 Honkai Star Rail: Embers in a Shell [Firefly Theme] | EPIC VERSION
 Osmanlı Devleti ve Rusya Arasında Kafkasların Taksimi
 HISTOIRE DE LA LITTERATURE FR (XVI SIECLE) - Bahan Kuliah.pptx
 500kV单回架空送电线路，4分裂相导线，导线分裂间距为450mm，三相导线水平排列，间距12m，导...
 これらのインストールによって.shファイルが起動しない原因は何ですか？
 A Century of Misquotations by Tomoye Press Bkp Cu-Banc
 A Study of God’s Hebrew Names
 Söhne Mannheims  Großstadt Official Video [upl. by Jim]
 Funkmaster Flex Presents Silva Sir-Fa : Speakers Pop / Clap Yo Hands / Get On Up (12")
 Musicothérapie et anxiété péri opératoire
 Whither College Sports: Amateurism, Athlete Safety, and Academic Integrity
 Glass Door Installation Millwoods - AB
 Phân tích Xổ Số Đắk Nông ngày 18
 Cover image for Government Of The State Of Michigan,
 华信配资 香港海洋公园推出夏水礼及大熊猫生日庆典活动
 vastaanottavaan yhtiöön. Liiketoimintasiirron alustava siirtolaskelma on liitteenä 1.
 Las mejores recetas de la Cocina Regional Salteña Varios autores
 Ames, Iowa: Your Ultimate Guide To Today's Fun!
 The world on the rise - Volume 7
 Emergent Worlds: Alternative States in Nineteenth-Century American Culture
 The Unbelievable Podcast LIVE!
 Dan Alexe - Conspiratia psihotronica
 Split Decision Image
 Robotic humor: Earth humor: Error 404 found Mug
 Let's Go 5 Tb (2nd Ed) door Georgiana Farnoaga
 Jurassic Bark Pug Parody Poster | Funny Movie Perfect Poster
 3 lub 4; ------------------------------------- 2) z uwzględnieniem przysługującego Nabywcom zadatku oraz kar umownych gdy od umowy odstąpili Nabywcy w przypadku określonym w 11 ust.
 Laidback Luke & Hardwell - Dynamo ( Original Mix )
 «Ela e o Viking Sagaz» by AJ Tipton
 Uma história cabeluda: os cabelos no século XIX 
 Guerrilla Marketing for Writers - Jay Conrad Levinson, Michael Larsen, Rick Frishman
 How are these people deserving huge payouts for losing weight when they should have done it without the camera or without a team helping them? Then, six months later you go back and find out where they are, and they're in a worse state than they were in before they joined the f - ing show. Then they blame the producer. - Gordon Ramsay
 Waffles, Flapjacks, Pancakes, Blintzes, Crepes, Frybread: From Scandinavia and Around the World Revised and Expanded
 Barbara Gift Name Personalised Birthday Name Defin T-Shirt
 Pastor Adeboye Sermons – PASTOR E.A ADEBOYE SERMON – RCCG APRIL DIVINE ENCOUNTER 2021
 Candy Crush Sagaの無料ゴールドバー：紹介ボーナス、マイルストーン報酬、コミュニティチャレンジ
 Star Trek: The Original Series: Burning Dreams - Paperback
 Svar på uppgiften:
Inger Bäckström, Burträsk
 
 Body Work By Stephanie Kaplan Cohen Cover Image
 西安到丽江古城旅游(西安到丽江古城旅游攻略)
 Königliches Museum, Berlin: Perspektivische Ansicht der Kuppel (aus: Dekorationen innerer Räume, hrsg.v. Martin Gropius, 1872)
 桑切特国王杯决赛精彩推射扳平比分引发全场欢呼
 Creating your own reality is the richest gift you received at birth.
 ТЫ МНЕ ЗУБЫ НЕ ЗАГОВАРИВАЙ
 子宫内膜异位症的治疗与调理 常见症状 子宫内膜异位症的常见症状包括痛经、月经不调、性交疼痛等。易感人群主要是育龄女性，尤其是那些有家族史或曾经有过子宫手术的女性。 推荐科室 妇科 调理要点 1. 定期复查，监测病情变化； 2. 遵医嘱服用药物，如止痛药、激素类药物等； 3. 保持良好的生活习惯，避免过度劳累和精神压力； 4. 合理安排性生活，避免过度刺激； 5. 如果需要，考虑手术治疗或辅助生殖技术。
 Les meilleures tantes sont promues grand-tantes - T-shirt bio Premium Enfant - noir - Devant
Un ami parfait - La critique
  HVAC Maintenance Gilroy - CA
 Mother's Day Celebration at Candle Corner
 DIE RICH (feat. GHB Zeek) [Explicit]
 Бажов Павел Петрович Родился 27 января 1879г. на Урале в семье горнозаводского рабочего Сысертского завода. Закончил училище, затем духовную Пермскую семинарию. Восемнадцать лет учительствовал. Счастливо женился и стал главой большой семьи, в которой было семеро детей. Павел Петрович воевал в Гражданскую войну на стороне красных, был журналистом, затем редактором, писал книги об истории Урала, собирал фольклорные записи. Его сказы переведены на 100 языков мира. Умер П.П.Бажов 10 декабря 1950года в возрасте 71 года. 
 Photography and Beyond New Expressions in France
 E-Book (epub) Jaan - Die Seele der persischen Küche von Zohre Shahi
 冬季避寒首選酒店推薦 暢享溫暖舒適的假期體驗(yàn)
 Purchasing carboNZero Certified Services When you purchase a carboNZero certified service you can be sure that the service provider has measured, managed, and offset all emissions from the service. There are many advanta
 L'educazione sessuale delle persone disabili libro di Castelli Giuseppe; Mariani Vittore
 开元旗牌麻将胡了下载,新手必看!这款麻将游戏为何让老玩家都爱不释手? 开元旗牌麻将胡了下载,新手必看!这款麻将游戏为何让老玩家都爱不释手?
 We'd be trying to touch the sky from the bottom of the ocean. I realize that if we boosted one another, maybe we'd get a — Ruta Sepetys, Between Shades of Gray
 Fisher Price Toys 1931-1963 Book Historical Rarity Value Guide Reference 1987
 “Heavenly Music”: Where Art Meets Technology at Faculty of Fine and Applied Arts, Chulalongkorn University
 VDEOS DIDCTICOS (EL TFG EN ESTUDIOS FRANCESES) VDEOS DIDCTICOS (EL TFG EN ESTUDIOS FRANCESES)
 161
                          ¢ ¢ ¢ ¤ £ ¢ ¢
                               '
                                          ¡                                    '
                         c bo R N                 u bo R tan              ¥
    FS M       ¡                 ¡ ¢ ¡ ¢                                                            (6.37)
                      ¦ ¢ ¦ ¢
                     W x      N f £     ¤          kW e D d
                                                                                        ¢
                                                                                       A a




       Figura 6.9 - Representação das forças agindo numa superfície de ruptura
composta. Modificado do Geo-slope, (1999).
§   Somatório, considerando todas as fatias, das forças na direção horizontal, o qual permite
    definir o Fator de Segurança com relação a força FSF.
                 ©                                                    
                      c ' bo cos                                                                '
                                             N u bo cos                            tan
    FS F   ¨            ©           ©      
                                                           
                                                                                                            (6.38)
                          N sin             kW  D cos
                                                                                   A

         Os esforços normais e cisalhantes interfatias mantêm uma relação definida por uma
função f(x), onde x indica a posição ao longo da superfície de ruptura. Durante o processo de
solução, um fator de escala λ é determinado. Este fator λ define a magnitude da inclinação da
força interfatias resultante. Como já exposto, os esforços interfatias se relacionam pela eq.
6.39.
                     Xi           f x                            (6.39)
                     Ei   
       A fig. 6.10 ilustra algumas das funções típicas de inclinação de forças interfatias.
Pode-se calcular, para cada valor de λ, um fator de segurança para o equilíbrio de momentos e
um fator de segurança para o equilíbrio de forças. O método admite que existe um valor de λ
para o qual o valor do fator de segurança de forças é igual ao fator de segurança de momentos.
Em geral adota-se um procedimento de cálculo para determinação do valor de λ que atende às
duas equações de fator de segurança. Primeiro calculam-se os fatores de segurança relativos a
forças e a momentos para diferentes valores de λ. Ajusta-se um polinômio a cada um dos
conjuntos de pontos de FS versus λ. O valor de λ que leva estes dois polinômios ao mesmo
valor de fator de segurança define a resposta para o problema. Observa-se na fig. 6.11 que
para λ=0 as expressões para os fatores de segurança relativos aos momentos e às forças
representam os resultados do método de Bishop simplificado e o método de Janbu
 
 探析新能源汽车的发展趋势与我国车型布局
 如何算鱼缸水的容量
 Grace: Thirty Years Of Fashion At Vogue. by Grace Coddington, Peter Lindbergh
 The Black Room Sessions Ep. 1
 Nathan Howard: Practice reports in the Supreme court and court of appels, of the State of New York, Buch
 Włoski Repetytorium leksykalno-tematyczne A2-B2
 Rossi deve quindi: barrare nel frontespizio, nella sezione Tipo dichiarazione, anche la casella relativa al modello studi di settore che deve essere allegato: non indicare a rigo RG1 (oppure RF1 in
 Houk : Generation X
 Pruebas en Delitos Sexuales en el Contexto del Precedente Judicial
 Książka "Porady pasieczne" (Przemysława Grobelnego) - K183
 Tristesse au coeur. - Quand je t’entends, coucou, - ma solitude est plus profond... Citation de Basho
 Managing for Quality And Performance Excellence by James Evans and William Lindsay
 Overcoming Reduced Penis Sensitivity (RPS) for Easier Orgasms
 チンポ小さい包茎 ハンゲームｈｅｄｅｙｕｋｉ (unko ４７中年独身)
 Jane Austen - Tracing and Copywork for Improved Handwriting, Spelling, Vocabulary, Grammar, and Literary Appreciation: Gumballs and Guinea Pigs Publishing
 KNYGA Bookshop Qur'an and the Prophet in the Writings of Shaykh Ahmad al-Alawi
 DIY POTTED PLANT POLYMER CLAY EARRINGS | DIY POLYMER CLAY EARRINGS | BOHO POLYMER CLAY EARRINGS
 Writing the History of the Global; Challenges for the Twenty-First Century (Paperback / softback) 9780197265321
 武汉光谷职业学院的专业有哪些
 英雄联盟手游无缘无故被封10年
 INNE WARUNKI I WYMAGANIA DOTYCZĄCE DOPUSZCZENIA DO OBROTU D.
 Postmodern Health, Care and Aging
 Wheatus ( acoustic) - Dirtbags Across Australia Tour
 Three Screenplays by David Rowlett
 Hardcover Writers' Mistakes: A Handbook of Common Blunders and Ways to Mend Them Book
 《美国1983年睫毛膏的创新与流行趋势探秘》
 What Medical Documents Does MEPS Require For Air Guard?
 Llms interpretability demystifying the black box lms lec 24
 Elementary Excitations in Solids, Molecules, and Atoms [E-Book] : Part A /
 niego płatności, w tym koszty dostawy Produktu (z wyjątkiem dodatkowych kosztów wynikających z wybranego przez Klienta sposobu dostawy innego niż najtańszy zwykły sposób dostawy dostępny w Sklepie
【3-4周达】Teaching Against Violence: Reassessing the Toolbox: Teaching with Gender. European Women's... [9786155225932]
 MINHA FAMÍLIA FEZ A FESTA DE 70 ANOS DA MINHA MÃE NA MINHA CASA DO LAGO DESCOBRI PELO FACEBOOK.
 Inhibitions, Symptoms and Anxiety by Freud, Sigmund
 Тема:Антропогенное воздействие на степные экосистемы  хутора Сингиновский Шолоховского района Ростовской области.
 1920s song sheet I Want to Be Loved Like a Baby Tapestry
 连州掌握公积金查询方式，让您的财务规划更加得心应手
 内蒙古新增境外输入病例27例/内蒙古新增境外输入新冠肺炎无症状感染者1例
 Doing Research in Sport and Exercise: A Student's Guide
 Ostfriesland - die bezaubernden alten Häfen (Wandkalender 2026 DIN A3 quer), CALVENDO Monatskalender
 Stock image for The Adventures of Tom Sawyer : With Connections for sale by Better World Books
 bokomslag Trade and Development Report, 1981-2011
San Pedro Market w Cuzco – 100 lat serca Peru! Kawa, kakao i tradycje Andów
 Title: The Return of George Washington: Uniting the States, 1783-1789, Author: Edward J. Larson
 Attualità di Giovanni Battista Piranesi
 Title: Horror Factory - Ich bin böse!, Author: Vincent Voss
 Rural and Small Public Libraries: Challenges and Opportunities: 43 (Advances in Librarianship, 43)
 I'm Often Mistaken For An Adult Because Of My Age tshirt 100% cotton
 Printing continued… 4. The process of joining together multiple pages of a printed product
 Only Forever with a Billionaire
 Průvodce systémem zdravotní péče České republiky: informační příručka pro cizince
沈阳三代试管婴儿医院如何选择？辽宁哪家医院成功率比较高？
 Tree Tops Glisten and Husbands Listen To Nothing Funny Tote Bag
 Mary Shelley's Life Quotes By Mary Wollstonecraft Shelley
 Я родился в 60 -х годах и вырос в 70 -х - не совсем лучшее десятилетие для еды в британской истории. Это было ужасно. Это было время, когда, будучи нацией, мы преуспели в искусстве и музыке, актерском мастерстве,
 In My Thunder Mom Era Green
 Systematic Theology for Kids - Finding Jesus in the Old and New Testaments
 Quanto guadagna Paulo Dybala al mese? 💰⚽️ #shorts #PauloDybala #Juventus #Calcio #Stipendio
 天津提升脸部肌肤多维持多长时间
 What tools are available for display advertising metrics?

## Problem details
Repeat exactly the lines above from the one with "Writing the History" up to and including the one with "bokomslag Trade and". No other line belongs in the reply.

## Expected answer
 Writing the History of the Global; Challenges for the Twenty-First Century (Paperback / softback) 9780197265321
 武汉光谷职业学院的专业有哪些
 英雄联盟手游无缘无故被封10年
 INNE WARUNKI I WYMAGANIA DOTYCZĄCE DOPUSZCZENIA DO OBROTU D.
 Postmodern Health, Care and Aging
 Wheatus ( acoustic) - Dirtbags Across Australia Tour
 Three Screenplays by David Rowlett
 Hardcover Writers' Mistakes: A Handbook of Common Blunders and Ways to Mend Them Book
 《美国1983年睫毛膏的创新与流行趋势探秘》
 What Medical Documents Does MEPS Require For Air Guard?
 Llms interpretability demystifying the black box lms lec 24
 Elementary Excitations in Solids, Molecules, and Atoms [E-Book] : Part A /
 niego płatności, w tym koszty dostawy Produktu (z wyjątkiem dodatkowych kosztów wynikających z wybranego przez Klienta sposobu dostawy innego niż najtańszy zwykły sposób dostawy dostępny w Sklepie
【3-4周达】Teaching Against Violence: Reassessing the Toolbox: Teaching with Gender. European Women's... [9786155225932]
 MINHA FAMÍLIA FEZ A FESTA DE 70 ANOS DA MINHA MÃE NA MINHA CASA DO LAGO DESCOBRI PELO FACEBOOK.
 Inhibitions, Symptoms and Anxiety by Freud, Sigmund
 Тема:Антропогенное воздействие на степные экосистемы  хутора Сингиновский Шолоховского района Ростовской области.
 1920s song sheet I Want to Be Loved Like a Baby Tapestry
 连州掌握公积金查询方式，让您的财务规划更加得心应手
 内蒙古新增境外输入病例27例/内蒙古新增境外输入新冠肺炎无症状感染者1例
 Doing Research in Sport and Exercise: A Student's Guide
 Ostfriesland - die bezaubernden alten Häfen (Wandkalender 2026 DIN A3 quer), CALVENDO Monatskalender
 Stock image for The Adventures of Tom Sawyer : With Connections for sale by Better World Books
 bokomslag Trade and Development Report, 1981-2011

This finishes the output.